Searching the forgotten sonority of the shipstune in Richard Wagner's 'Tristan und Isolde' Act III.

Act III: The build

For the production of Tristan and Isode by Opera Ballet Vlaanderen in 2023 trumpeter Serge Rigaumont was interested in Wagner’s search for the right sonority of the signal that announces the arrival of Isolde’s ship. He convinced musical director Alejo Perez to have an instrument built for the occasion. Gunther Cogen, a builder of natural trumpets, was commissioned to make the instrument. Together with Daniël Vernooij, they have built three Tristan trumpets.

Gunther Cogen, as a maker of natural trumpets, felt strongly the instrument should be an 8 ft C natural trumpet. His familiarity with Baroque natural trumpets afforded him a good intuition on what kind of instrument would work in this context. We went to Musical Instrument Museum in Brussels where we studied Alphorns, 19th century wooden trumpets manufactured by Mahillon and natural trumpets from Wolf Magnus Ehe.




















Exploring instruments at MIM Brussels

The choice to built a 8 ft C rather than a 4 ft C was motivated by the following reasons:

- Wagner specifically asks for an instrument like the Alphorn
- Wagner specifically asks for an instrument that only plays the natural scale
- A feature of Wagners orchestration is the exploitation of the contrasting pair of natural brass instruments and valved brass instruments, a contrast that would be lost if the Holztrompete was a      valved instrument
- The instrument should evoke a mythic past, and so it seems more appropriate to base ourselves on one the most ancient of musical instruments, the natural trumpet
- Wagner asks for a powerful, raw, natural and naive sound. In our view this is best achieved through a natural trumpet.

The instrument was constructed using as much wood as possible in the acoustical field without it becoming unwieldy in size or weight. Stained maple wood harvested in the Alps was chosen, its dark colour contrasting with the brass of the ferrules and tubing of the instrument. 

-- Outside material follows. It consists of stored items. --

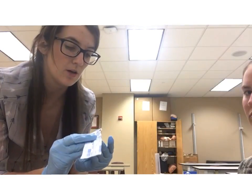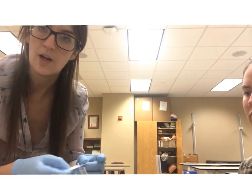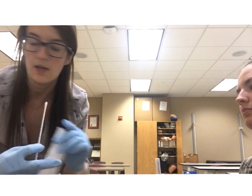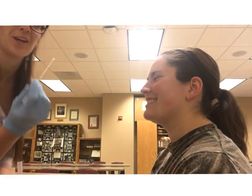Next we're going to open our swab, making sure that you do not contact the cotton end. We want to make sure that it stays sanitary, so we open it carefully.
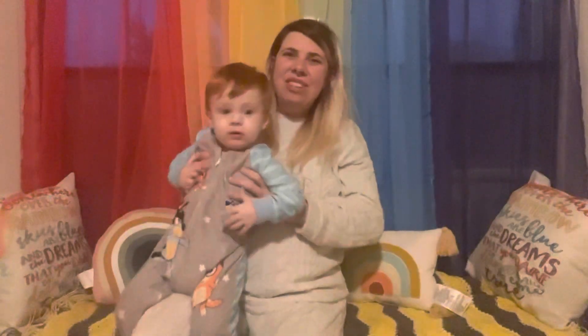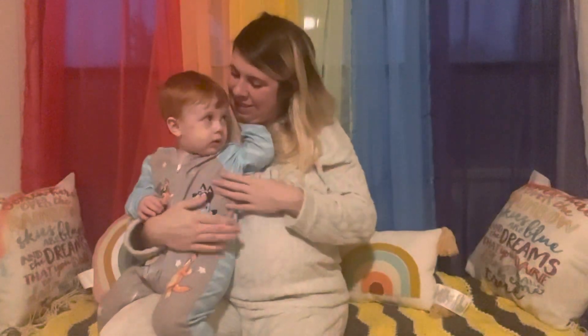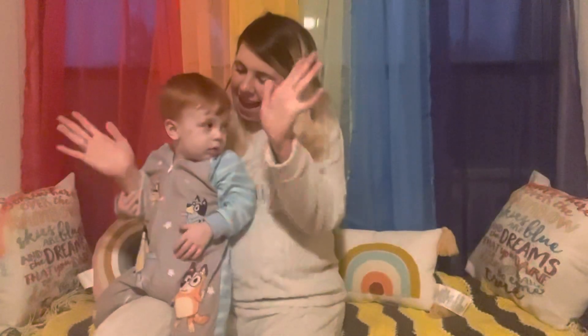We're going to do it one more time, okay? Oh, if somebody wants to stay up for this. Ready? 'I'm a little teapot. Short and stout. Here is my handle. And here is my spout. When I get all steamed up. Hear me shout. Tip me over. And pour me out.' Yay!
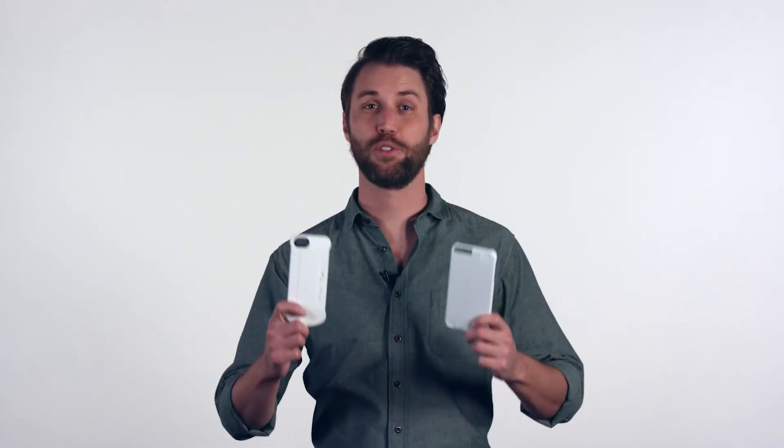Hi, I'm Derek with WeBoost. Today I'm going to talk about signal boosting cases and do some tests with them.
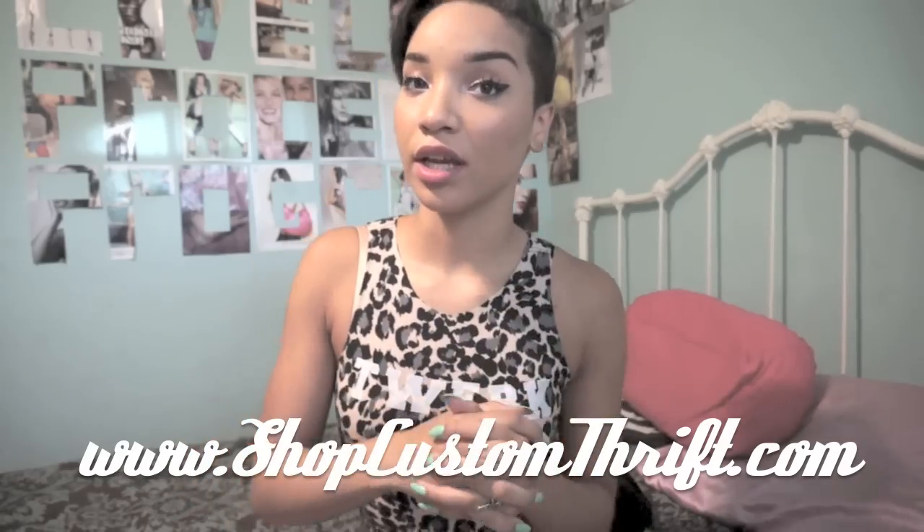If you are interested in purchasing this tank top or any of my other creations, make sure you check out my online boutique where I make stuff like this. It's called Custom Thrift — you should check it out. Shopcustomthrift.com, the links will be down below. Check it out, buy the tank top, get it for yourself.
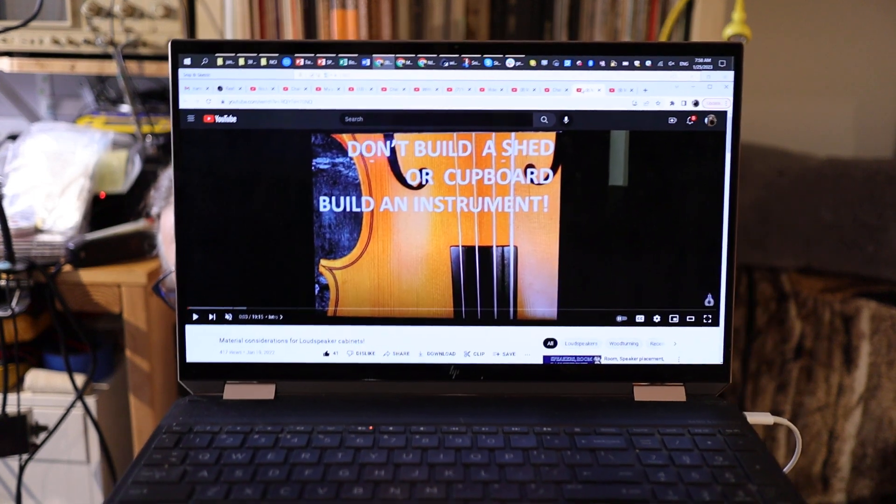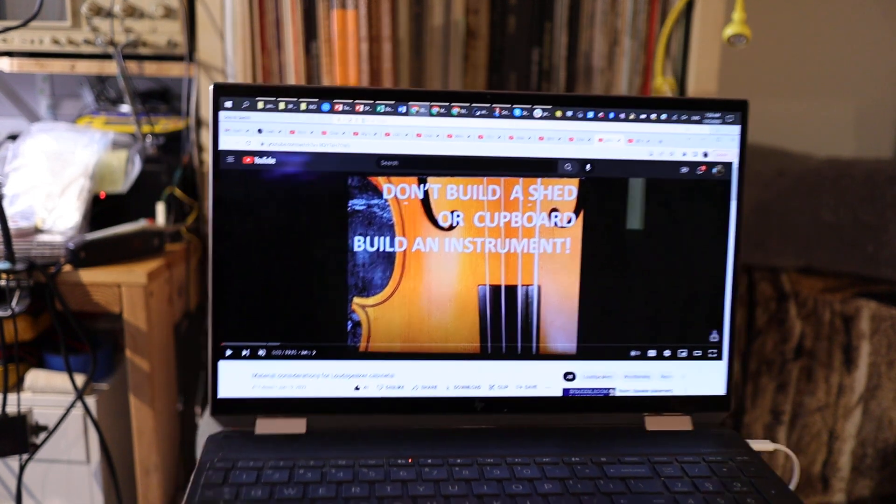These are very exhaustive videos — please watch them. In detail I described what makes a material or type of wood unsuitable for quality loudspeaker building, what makes it desirable, and how you can choose for yourself. This is the blueprint for wood for cabinet making. In the introductory picture of the first video I say: don't build a shed or a cupboard, build an instrument.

Initial tests of the prototype were promising, revealing a tone that was generally described as warm, dark and rounded, as opposed to the sharp and brighter tone of trumpets constructed entirely in brass. During one of the sessions in my workshop various trumpeters from OBV played the prototype. We got the feedback that the 11th harmonic was too difficult to play in tune. The practice to the lip down the 11th harmonic proved not feasible in this context. However, there was positive feedback on the timbre of the instrument, so if we could work out the tuning issue with 11th harmonic we could develop the prototype in a final version to be used in the music-drama.

The tuning issue with the 11th harmonic had been anticipated, and by drilling a vent hole for F5 the issue was resolved. However, we had hoped this vent hole would not have been necessary, as the compromise effectively stopped the instrument form being a full natural trumpet. Ventholes have been commonly employed in period instruments; they greatly facilitate playing these instruments, but remain a compromise that some argue against.

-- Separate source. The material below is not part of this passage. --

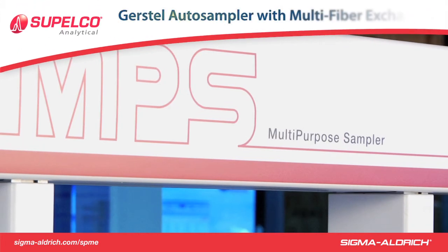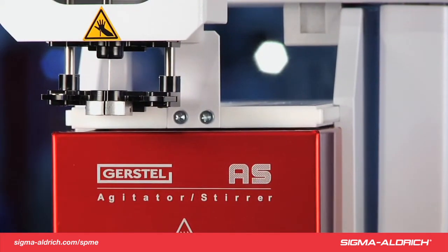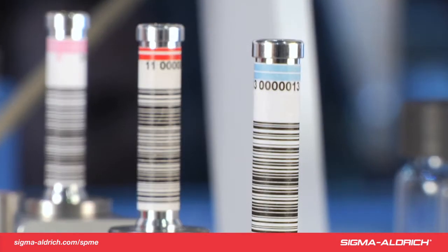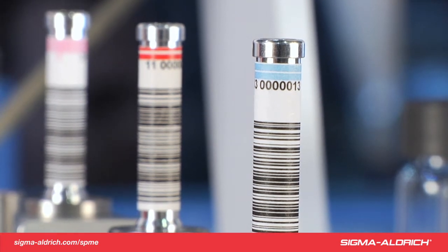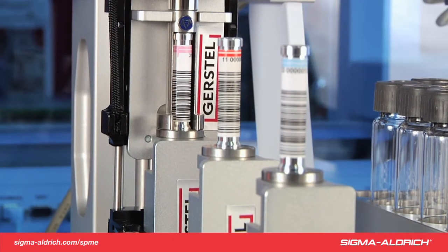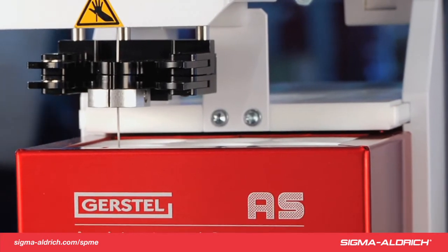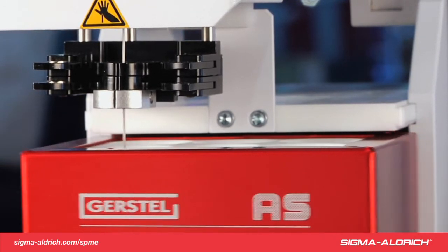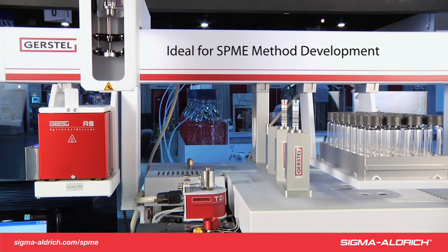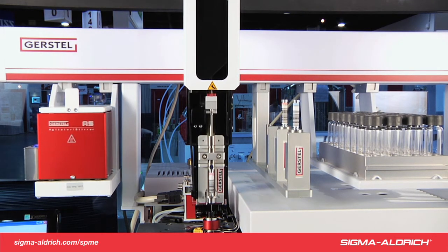The Gerstl MPS multi-purpose sampler, shown here, uses a three-position multi-fiber exchanger. The multi-fiber exchanger, or MFX, allows automated exchange of SPME fibers on the auto-sampler for easier and quicker SPME method development and automated desorption. The fast and easy interchangeability of the Fast Fit fiber assemblies means there is no manual switching required when performing extractions with different SPME phase and fiber coatings. Setting up different phase chemistries permits automated screening for optimal selectivity, which is ideal for SPME method development, making it easy to evaluate different polarity ranges for enhancements of analyte extraction.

We went through a second prototype before constructing the final version of the instrument, which was used in the production of Tristan & Isolde in the spring of 2023. The second prototype will be part of the collection of Museum Vleeshuis, a Museum dedicated to music and musical instruments in Antwerp, Belgium, while the final instrument remain with OBV.



Sander Kintaert testing the first prototype trumpet at Daniël Vernooij's workshop in Ghent.

Sound qualities, sonority, position of the harmonics but also the ergonomics of the new developed trumpet became invested.


Every production that stages Tristan & Isolde has to make a decision about the instrument that should be used to announce Isolde’s arrival in the Final Act. A common solution, especially in Germany and the United States, is to have a 4-ft C Holztrompete play this part. This practice fits into a tradition of performance that stretches more than a hundred years back, and a good case can be made for it, especially if one takes into account more pragmatic aspects of performance such as size, weight and intonation. A big advantage is that instruments survive which were built only a few decades after Tristan’s premiere, on which we can model our current versions.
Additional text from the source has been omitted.